» **DATA BELOW**
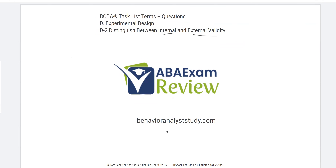As always, subscribe for all of our updates. Check out behavioranalyststudy.com for all of our materials. Work hard, study hard. See you soon.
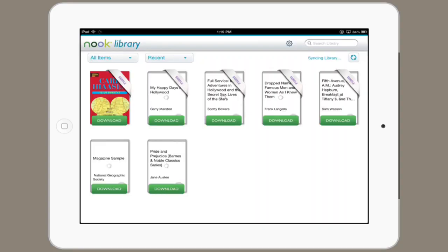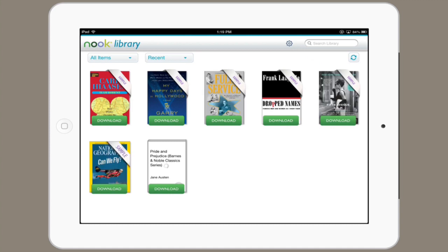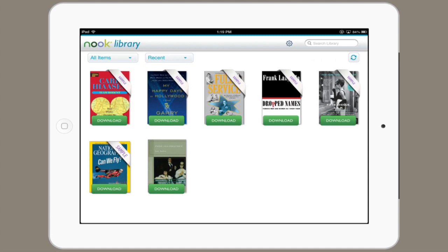In the upper right hand corner, you'll see a little spinning icon. That denotes that it's syncing, and if you want to manually sync, tap it. It tells you that it's syncing your library, and that's it.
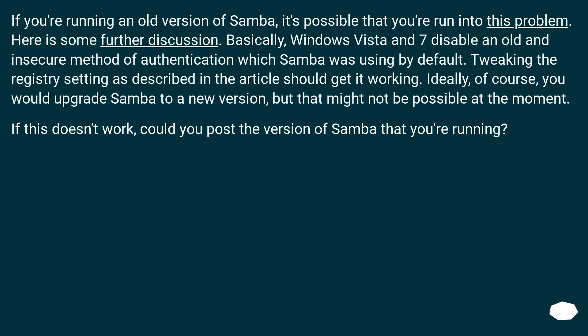If you're running an old version of Samba, it's possible that you've run into this problem. Here is some further discussion. Basically, Windows Vista and 7 disable an old and insecure method of authentication which Samba was using by default. Tweaking the registry setting as described in the article should get it working. Ideally, of course, you would upgrade Samba to a newer version, but that might not be possible at the moment.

» **WHAT YOU WILL DO**
Only the words belong in your copy: restate the data above exactly and leave the images out.

» **REPLY TO THE EXERCISE**
As always, subscribe for all of our updates. Check out behavioranalyststudy.com for all of our materials. Work hard, study hard. See you soon.
In the upper right hand corner, you'll see a little spinning icon. That denotes that it's syncing, and if you want to manually sync, tap it. It tells you that it's syncing your library, and that's it.
If you're running an old version of Samba, it's possible that you've run into this problem. Here is some further discussion. Basically, Windows Vista and 7 disable an old and insecure method of authentication which Samba was using by default. Tweaking the registry setting as described in the article should get it working. Ideally, of course, you would upgrade Samba to a newer version, but that might not be possible at the moment.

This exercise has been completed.